Rompre avec les structures obsolètes

Deux experts en science ouverte, Frank Miedema et Toma Susi, ont expliqué au public lors de leur exposé à quel point les pratiques de recherche ouvertes sont importantes, pourquoi le système scientifique n’est pas déjà plus ouvert actuellement et que les chercheuses et chercheurs nécessitent davantage d’incitations pour pratiquer la science ouverte.

 

Frank Miedema a parlé de son parcours académique : il a appris, dit-il, à vendre habilement sa science, car les bailleuses et bailleurs de fonds jouaient un rôle décisif dans le choix des thèmes de recherche. La manière dont il parvenait à s’imposer face à ses concurrentes et concurrents déterminait s’il pouvait obtenir ou non des fonds de recherche. À première vue, rendre les données scientifiques accessibles au public ne s’inscrit pas dans ce système reposant sur la concurrence. Il qualifie ces structures de recherche obsolètes de « jeu », auquel les jeunes chercheuses et chercheurs devaient se plier s’ils souhaitaient faire carrière.

 

Toma Susi décrit même l’échelle de carrière comme un « jeu de prestige dysfonctionnel ». Il a expliqué ce qui, selon lui, permet d’y remédier : « Les prix tels que celui-ci sont particulièrement importants dans la phase de transition vers des pratiques de recherche ouvertes, dans laquelle nous nous trouvons actuellement.
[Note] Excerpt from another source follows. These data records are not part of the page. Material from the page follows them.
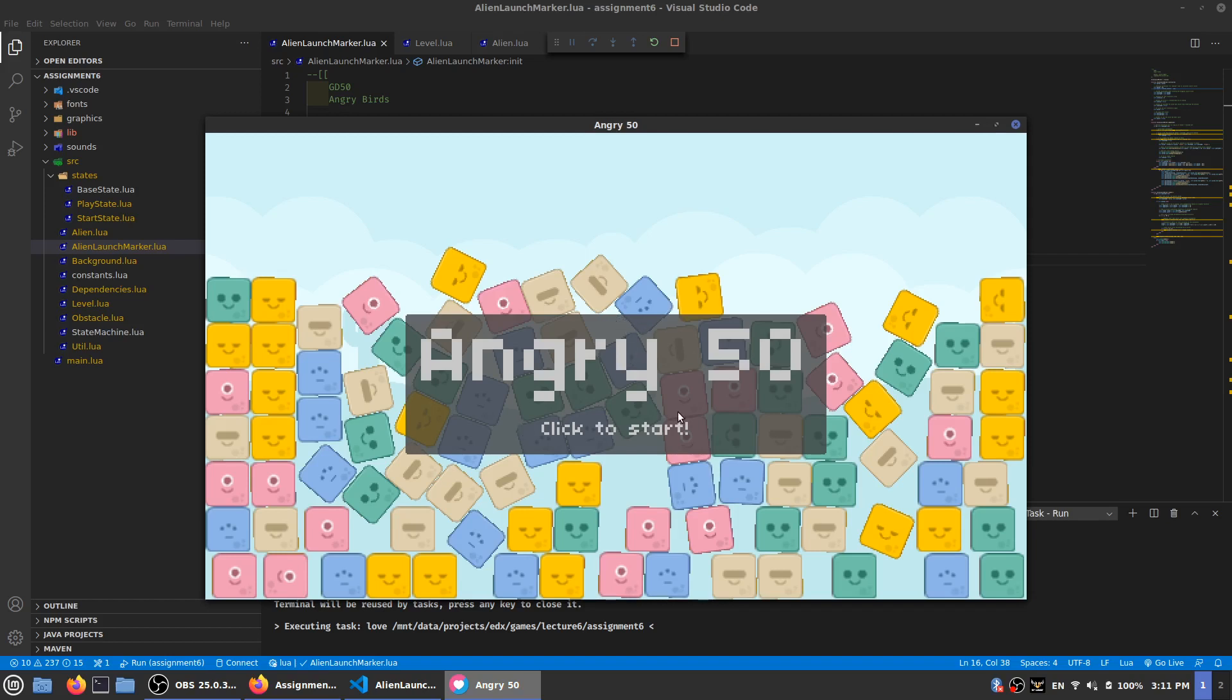Now, what we were asked to do is make it so that if you press space whenever the alien is flying, it splits off into two other aliens, making three total.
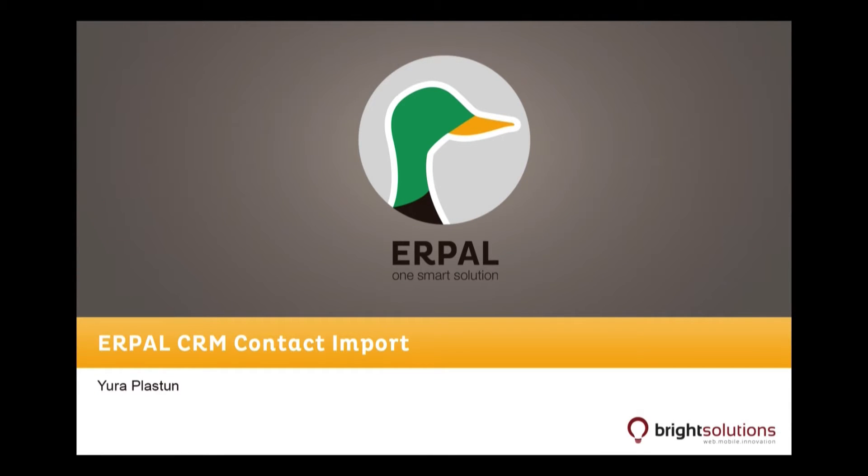Hello and welcome to AirpalCast. Our topic today is how to import your contacts into your Airpal CRM.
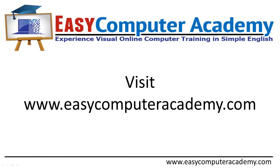Thanks for listening. For this and other content, visit EasyComputerAcademy.com. And while you're visiting, be sure to sign up for our free newsletter.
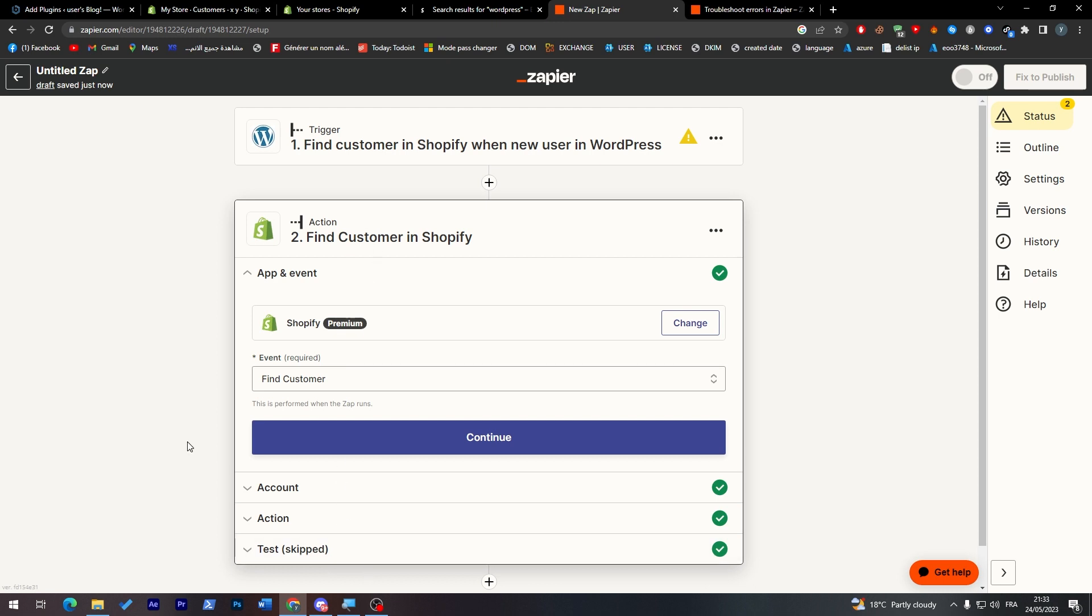So yeah, these are the different steps on how you can connect Shopify with your WordPress website. Thank you for watching, and see you in the next tutorial.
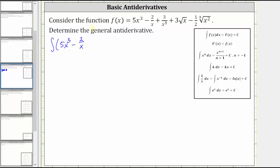Three divided by x to the fifth is equivalent to three times x to the power of negative five. And then for the terms involving a radical, we'll need to write the radicals using rational exponents. For three times the square root of x, remember the fractional exponent has a numerator equal to the exponent on the radicand and the denominator equal to the index. Therefore, three times the square root of x is equivalent to three times x to the power of one-half.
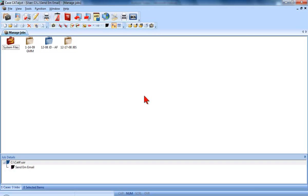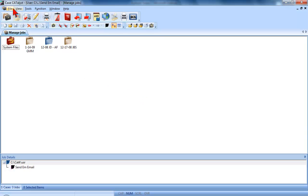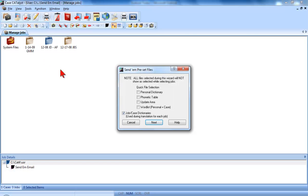Rather than remembering to select each of these files each time you want to email a job to another system, you can use the Send Em Email feature. The first time you select Send Em Email, a wizard will appear. One time only, select the files you will want to send each time you use Send Em Email. They'll remain selected for future uses.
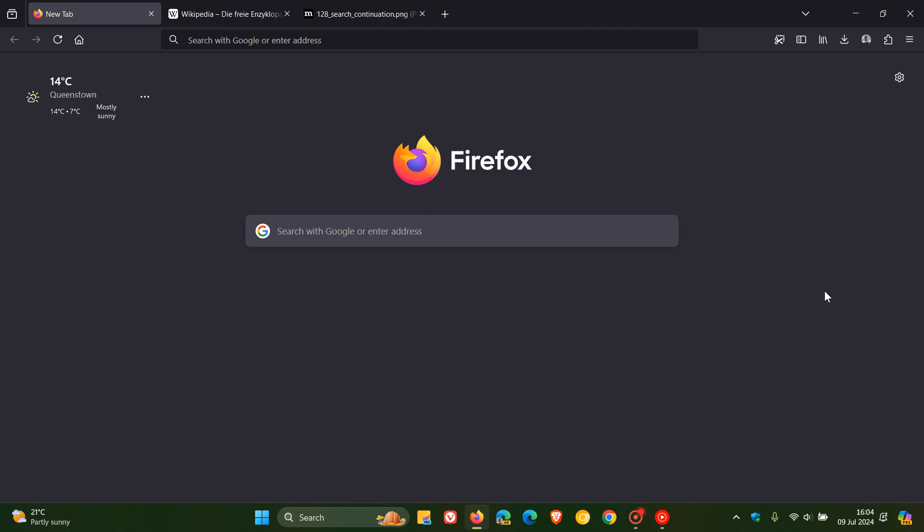Rentech here where tech is made simple. So we have Firefox 128 now rolling out which Mozilla pushed out a short while ago today on the 9th of July 2024.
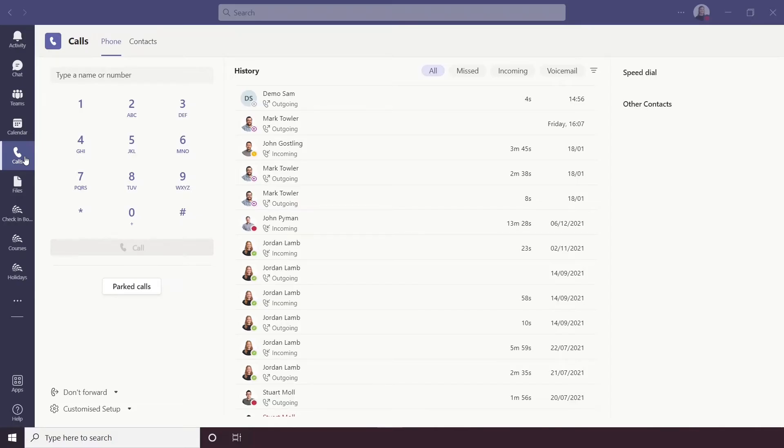The Calls tab on Teams mainly covers audio calls. Some people actually use Teams calls as a VoIP system to handle all of their calling, but we're just going to look at it within Teams today.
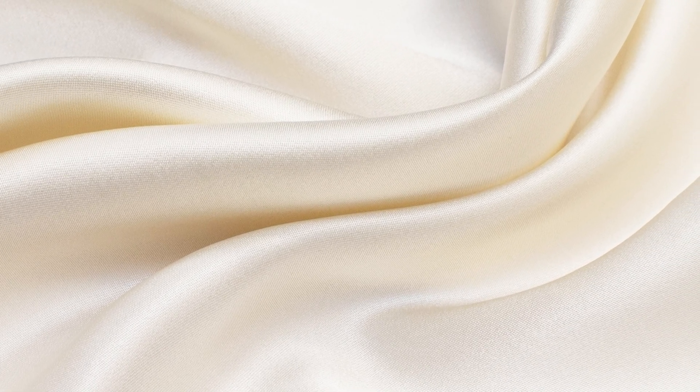In this video, I will demonstrate how to create a fabric material from a photograph with Substance Designer.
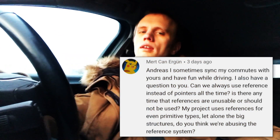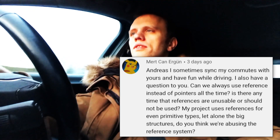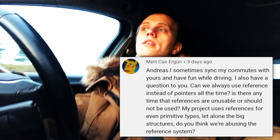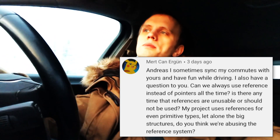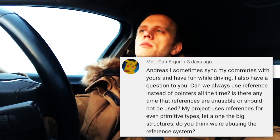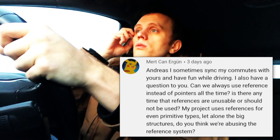Hello friends and welcome back to Commute Talk. It's Tuesday, rainy and gray outside, but I had a good breakfast so I don't care. Today Mert writes in asking about C++ references and if they can always be used instead of pointers. He says the project he's working on uses references for everything — primitive types and struct types — and asks if I think that's an abuse of the reference system.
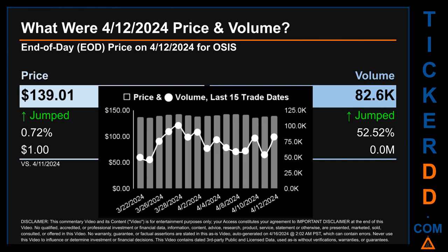What was end-of-day price and volume for OSIS on Friday, April 12, 2024? OSIS had an end-of-day price of $139.01 and a volume of about 0.1 million. Compared to the previous trading day, the price jumped 0.72%, gaining one dollar, while volume jumped 52.52%, increasing by about zero million. The graph shows price and volume for the last 15 trade dates across a range of $6.56. The max and minimum end-of-day prices were respectively $142.82 and $136.25. Volume saw a range of 54,700, from a day low of 46,300 to a day high of 100,900.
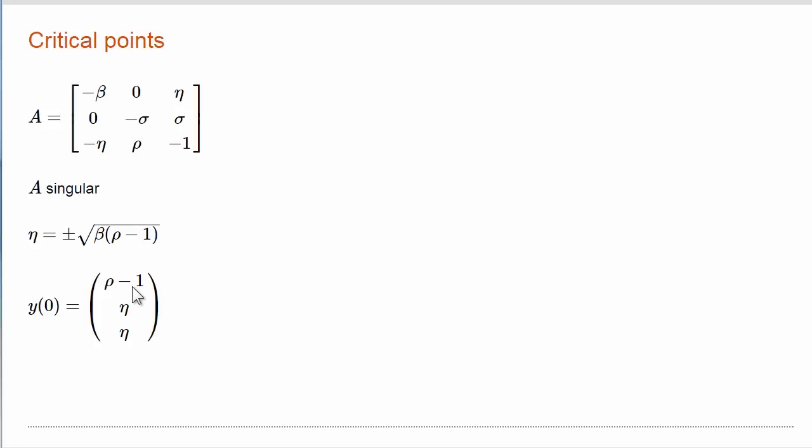If we take this vector as the starting value of the solution, then the solution stays there. Y prime is 0. This is an unstable critical point, and values near this solution deviate; the solution won't stay near the solution.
Ils présentent des exemples et les avantages de la science ouverte. » La stratégie nationale ORD demande elle aussi davantage d’incitations et de récompenses pour les efforts réalisés dans ce domaine. En fin de compte, tout le monde profite d’une recherche plus ouverte : les données de recherche ouvertes améliorent la qualité de la recherche, accélèrent les découvertes scientifiques et contribuent ainsi à la démocratisation du savoir.

 

Pour motiver davantage les chercheuses et chercheurs à prendre des initiatives dans le domaine de la science ouverte, le Prix national ORD sera à nouveau décerné en 2024. Olivia Denk, responsable du centre de coordination ORD des Académies, l’a annoncé à la fin de la cérémonie, avant que les invitées et invités ne passent à l’apéritif, accompagné musicalement par le groupe Frische Fische, où ils ont pu continuer à échanger sur le thème de la science ouverte et se construire un réseau interdisciplinaire.